Steve LewisBy: STEVE LEWIS, board president of the Prince William Sound Regional Citizens’ Advisory Council, representative of the city of Seldovia.

The Coast Guard is still investigating the December 23 grounding of the Pathfinder ice scout tug in Prince William Sound, and few facts about the causes are known.

We have asked the Coast Guard to share its findings with us when its work is complete.

Some of the troubling questions we hope the Coast Guard will address in its investigation are already in evidence, and worthy of public consideration.

The first question is, how did the crew manage to hit Bligh Reef, the most famous navigational hazard in the Sound, 20 years after the Exxon Valdez did the same thing and spilled 11 million gallons of North Slope crude?
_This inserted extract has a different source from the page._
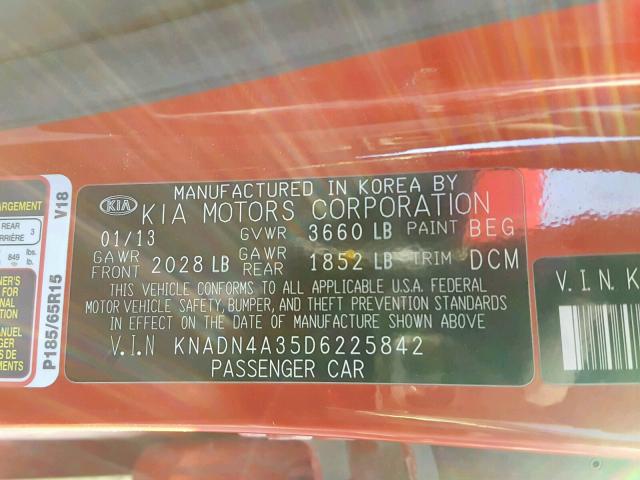 KNADN4A35D6225842 - 2013 KIA RIO EX RED photo 10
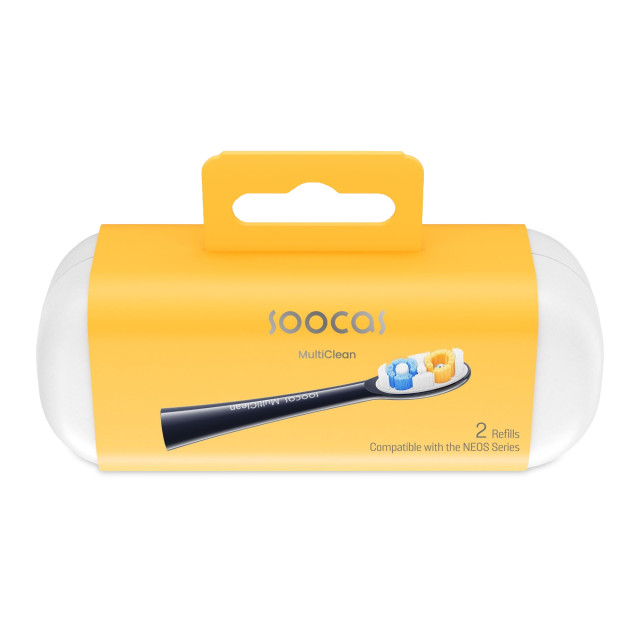 Soocas Replacement Classic Brush Head For NEOS II & NEOS II Ultra, Pack of 2 - Dark Violet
What happened, or didn’t happen, aboard the Pathfinder to cause this accident?

And could the Coast Guard’s Vessel Traffic Center in Valdez, with its radar, its Automatic Identification System for ships, and its electronic charting, have spotted the danger and warned the tug’s crew? If that is not currently part of the traffic center’s mission, should the mission be expanded to help guard against such accidents in the future?

And what environmental harm will be caused by the diesel fuel that spilled into the water? While diesel is generally considered less harmful than crude oil, that doesn’t mean it’s harmless. This is the second diesel spill from the Pathfinder in the Sound in recent years, so it’s clear that this type of spill is a significant hazard. Diesel’s impacts on the marine ecosystem need to be understood so that effective countermeasures can be adopted.

Even as these questions are under study, they reinforce important lessons from the Exxon Valdez spill of 1989.

For one, constant vigilance is the price of safety. There is never a moment when we can assume the system in Prince William Sound is safe because there hasn’t been a catastrophe lately.

For another, backup systems are indispensable, and they need to be in place and operating. One of those, as mentioned above, is the Coast Guard traffic center. Another is the iceberg detection radar system that was installed several years ago on Reef Island after much expenditure and effort by our council, Alyeska Pipeline Service Co., and the Coast Guard.

This system scans the tanker lanes for icebergs and transmits the information back to Valdez for use in sailing decisions for oil tankers—the same function performed by ice scouts like the Pathfinder. However, the Reef Island radar can detect icebergs in weather too dark or foggy for direct observation by vessel crews and thus can be a valuable adjunct to ice scout vessels.

Unfortunately, this system has been inoperative since late summer, after a Coast Guard upgrade to its own system on Reef Island took the iceberg detection radar system offline. The council believes it is of paramount importance to restore this system to service and has been working with Alyeska and the Coast Guard to that end.

Our council was set up to make sure the complacency that led to the Exxon Valdez disaster never returns. That is the main reason we are working so hard to preserve another crucial backup system in Prince William Sound: the system of double escort tugs for loaded oil tankers in the Sound. Our group is now lobbying Congress for federal legislation to preserve the double escorts so that, if another tanker should someday go astray and head for Bligh Reef, backup will be close at hand to prevent another catastrophe like the one in 1989.

Whatever the causes of the Pathfinder grounding are determined to have been, the incident should serve as a forceful reminder to the oil industry and its regulators that complacency never sleeps, so we humans can never let down our guard in Prince William Sound.